▶ Task requirements
When you reach the line that contains "full body emoji", set down that line and every one after it through the end of the records, exactly as written and with no pictures.

▶ Records supplied
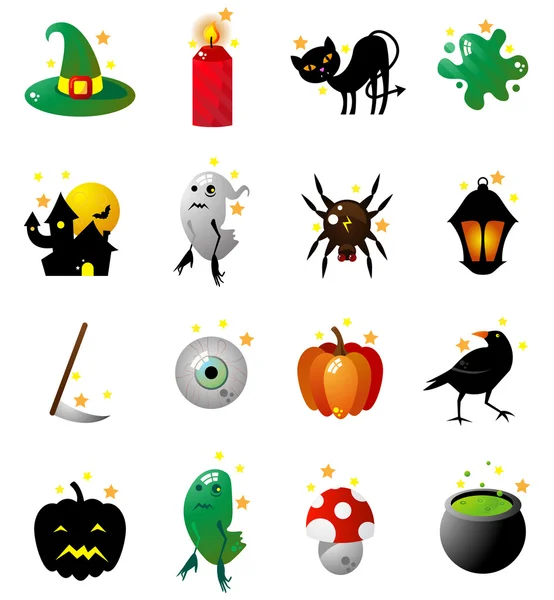 divertidos iconos para fiestas de halloween — Vector stock ...
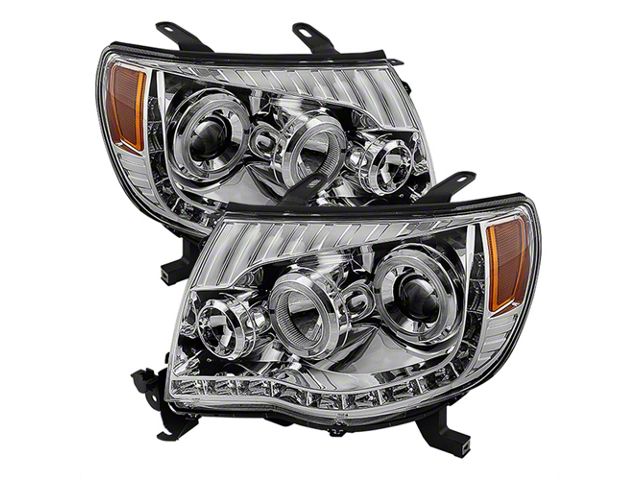 Halo Projector Headlights; Chrome Housing; Clear Lens (05-11 Tacoma)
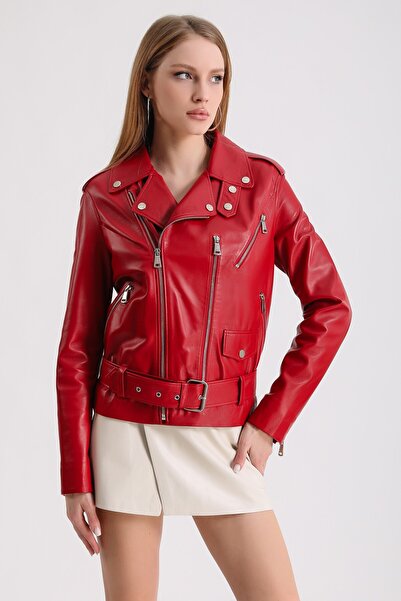 Leather Club Kırmızı Biker İkon Deri Ceket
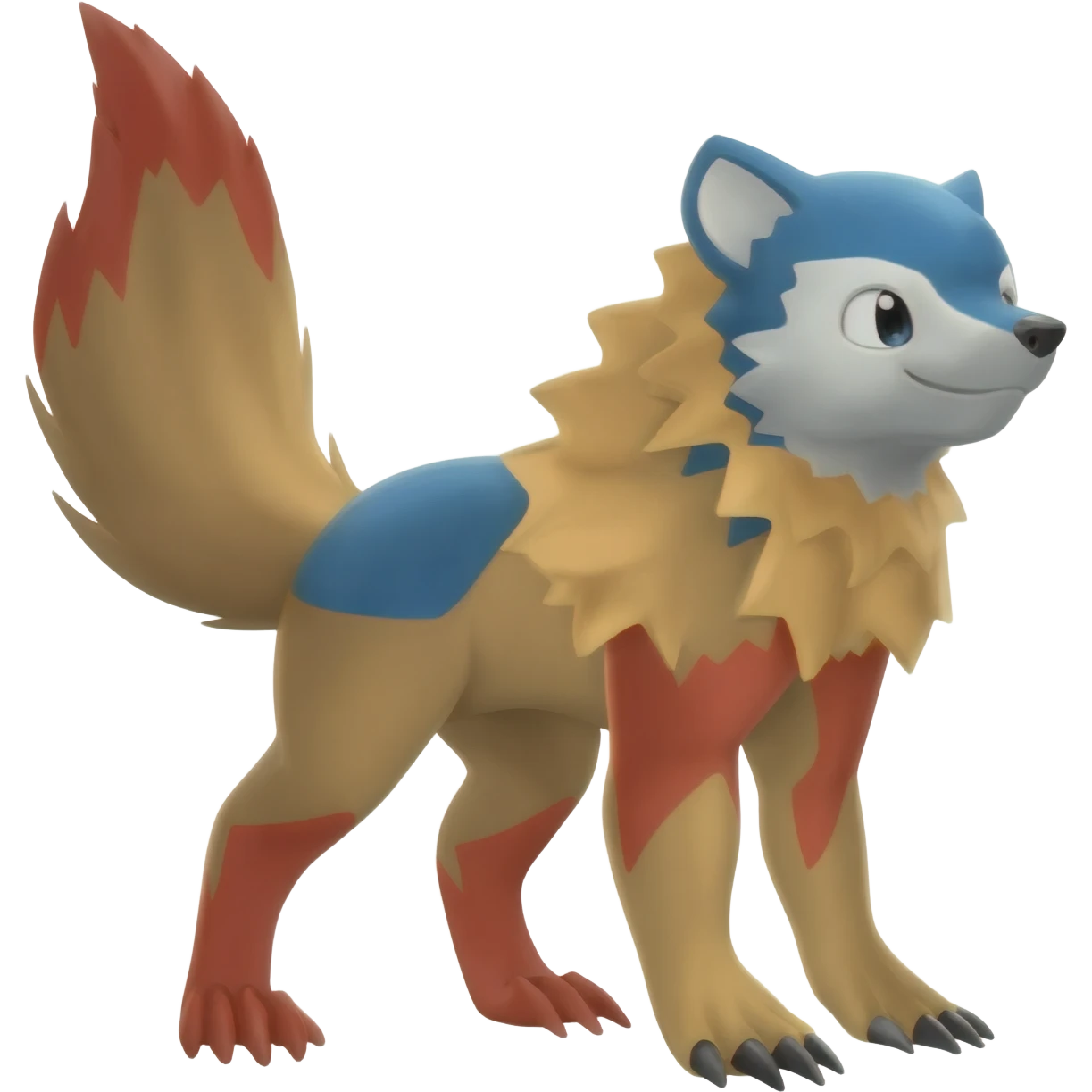 Trico-Sergal-Furret-Ferret-Wolverine-Vernid-fusion-Fakemon-animal-hybrid-creature, full body emoji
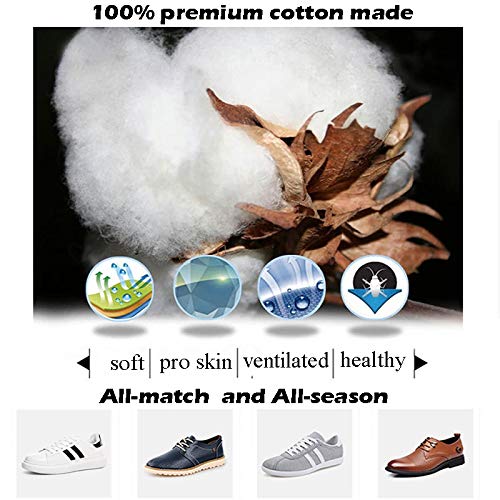 Ait fish Men's 100% Cotton Crew Socks Black and White Pack of 5 for All-season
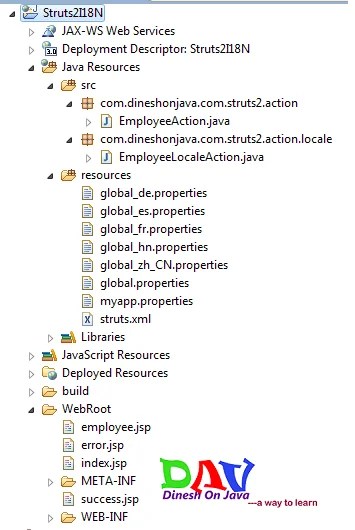 Internationalization and Localization in struts2 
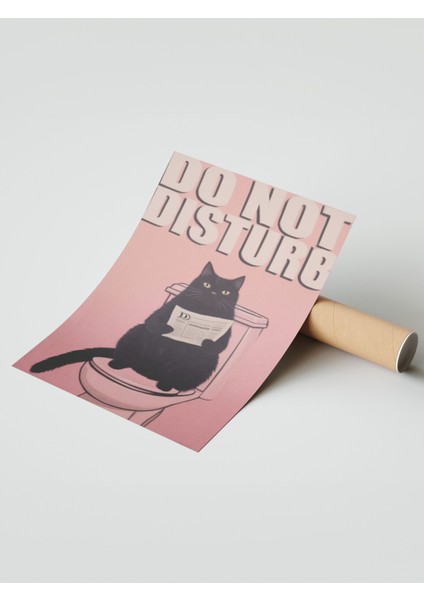 Çerçevesiz Poster, Do Not Dısturb – Komik Kedi Tipografisi, Ofis Dekoru Poster No: 109805 modelleri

▶ Result of the exercise
 Trico-Sergal-Furret-Ferret-Wolverine-Vernid-fusion-Fakemon-animal-hybrid-creature, full body emoji
 Ait fish Men's 100% Cotton Crew Socks Black and White Pack of 5 for All-season
 Internationalization and Localization in struts2 
 Çerçevesiz Poster, Do Not Dısturb – Komik Kedi Tipografisi, Ofis Dekoru Poster No: 109805 modelleri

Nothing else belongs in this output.